Poor people are fat and so thinness shows moral and social superiority. Poor people have bad clothes and so Megan panics when her clothes are shabby. Rich people know the latest gadgets and buy them, so Megan must also. She must live in a certain type of neighborhood, drive a special English car, order from Land's End, and on and on.

The rich kids in prep school told the poorer Megan she didn't belong, and Megan discovered that the best way to survive is to police the rich for them, acting as a social enforcer, to belong.

Anonymous said...

You're right! She knows the outward trappings of class down to the millimeter, she just doesn't have any.

I'm not entirely surprised. I knew she wasn't from Old Money, but I had this idea that it was at least, you know, Thirty-Something.

Susan of Texas said...

Her father became a very successful man, but Megan has said that the kids at prep school were much richer than she. Almost everything she says contradicts something else she's said.

She considers herself elite, yet has said how much she hates rich frat boy behavior. She states that rich people don't consider material goods a sign of wealth, just position, thus her lack of wealth trappings were upper, not lower class. She's said she was just born smarter than others, and also said that she nearly flunked out of college and her GPA was so bad that only her prep school's name got her into Penn.
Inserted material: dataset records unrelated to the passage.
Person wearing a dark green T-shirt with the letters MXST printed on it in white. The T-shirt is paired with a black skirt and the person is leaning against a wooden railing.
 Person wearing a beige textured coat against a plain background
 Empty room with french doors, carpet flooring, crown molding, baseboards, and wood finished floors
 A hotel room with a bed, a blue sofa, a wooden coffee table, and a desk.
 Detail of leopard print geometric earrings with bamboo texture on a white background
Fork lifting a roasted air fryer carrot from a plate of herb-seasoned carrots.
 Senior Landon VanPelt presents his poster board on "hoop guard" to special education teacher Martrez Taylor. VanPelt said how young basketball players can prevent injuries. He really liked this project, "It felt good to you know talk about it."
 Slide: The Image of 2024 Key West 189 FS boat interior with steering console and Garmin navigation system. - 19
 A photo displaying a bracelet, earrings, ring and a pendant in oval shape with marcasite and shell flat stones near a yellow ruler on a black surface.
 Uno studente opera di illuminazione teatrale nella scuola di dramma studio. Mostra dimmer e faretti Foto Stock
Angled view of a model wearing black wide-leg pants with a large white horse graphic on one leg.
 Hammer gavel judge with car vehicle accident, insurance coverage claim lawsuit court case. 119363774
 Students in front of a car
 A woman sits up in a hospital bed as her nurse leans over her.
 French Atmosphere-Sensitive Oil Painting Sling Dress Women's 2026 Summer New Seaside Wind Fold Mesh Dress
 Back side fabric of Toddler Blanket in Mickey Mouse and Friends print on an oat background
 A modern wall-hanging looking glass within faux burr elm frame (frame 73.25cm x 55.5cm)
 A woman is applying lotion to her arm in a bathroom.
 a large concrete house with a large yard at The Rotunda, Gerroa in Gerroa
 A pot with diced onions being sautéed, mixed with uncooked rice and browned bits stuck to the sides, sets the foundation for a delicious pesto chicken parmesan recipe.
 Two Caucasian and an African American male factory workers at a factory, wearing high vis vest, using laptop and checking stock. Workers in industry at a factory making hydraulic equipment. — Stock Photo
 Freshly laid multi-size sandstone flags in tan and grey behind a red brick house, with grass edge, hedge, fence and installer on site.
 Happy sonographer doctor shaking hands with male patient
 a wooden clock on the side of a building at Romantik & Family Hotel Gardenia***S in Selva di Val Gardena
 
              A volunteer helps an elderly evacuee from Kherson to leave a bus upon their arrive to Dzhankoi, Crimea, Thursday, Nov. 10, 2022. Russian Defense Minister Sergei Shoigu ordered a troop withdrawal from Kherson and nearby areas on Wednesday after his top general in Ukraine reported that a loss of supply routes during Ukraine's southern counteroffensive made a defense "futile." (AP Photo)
It's too much.

Anonymous said...

"Hyperpalatable"?

I'm still reeling (/vindicated) by studies a few years ago that found that the ingredients of a Big Mac were, in sugars/fat/etc. proportions, similar to that of SNOT.

You heard me. Human snot.

"Extremely flavorful" my arse. When's the last time you tasted a Big Mac? The whole point is the *absence* of flavor. That's what makes it universal, easily replicable under industrial conditions, etc., etc.

You know, I sometimes feel people here and at Fire M.M. are bit too harsh on her, that she's not actually "stupid," just narrow and unself-aware. But fuck ME. This--class aspects aside--is just dumb. (And she presumes to give recipes.)

Susan of Texas said...

Mr. Wonderful, you should have seen her butcher monopsony and coase theory and taxes and other things I know nothing about.

Yeah, I'm harsh. The woman said teachers should be replaced by people off the street, because teachers don't want to do a good job anyway. I decided that if Megan wanted to sow the wind, she could reap the the whirlwind, for once.

Anonymous said...

"...normal life of a not-particularly-well-off urban thirtysomething seemed positively sybaritic. Three restaurant meals in one week? Drinks out every other evening? Gourmet tea? And what about all the prepared meals--the takeout, the rotisserie chickens, the $5 containers of Wegmans soup?"

I'd like to think that she's describing this as her normal life, but it sounds like she really thinks her lifestyle really is typical of all not-particularly-well-off urban thirtysomethings. As a NPWOUTS myself, this is crazy. Restaurants 3 nights a week? $5 soup? I can afford the odd restaurant meal, and could splurge on $5 soup from time to time, but this isn't my normal diet. I'd rather not spend time cooking, but eating at a restaurant probably takes more time than cooking at home (I can do other things while I'm cooking).

And she buys brand names instead of cheaper alternatives? Who the hell does that? There's nothing wrong with the store brand.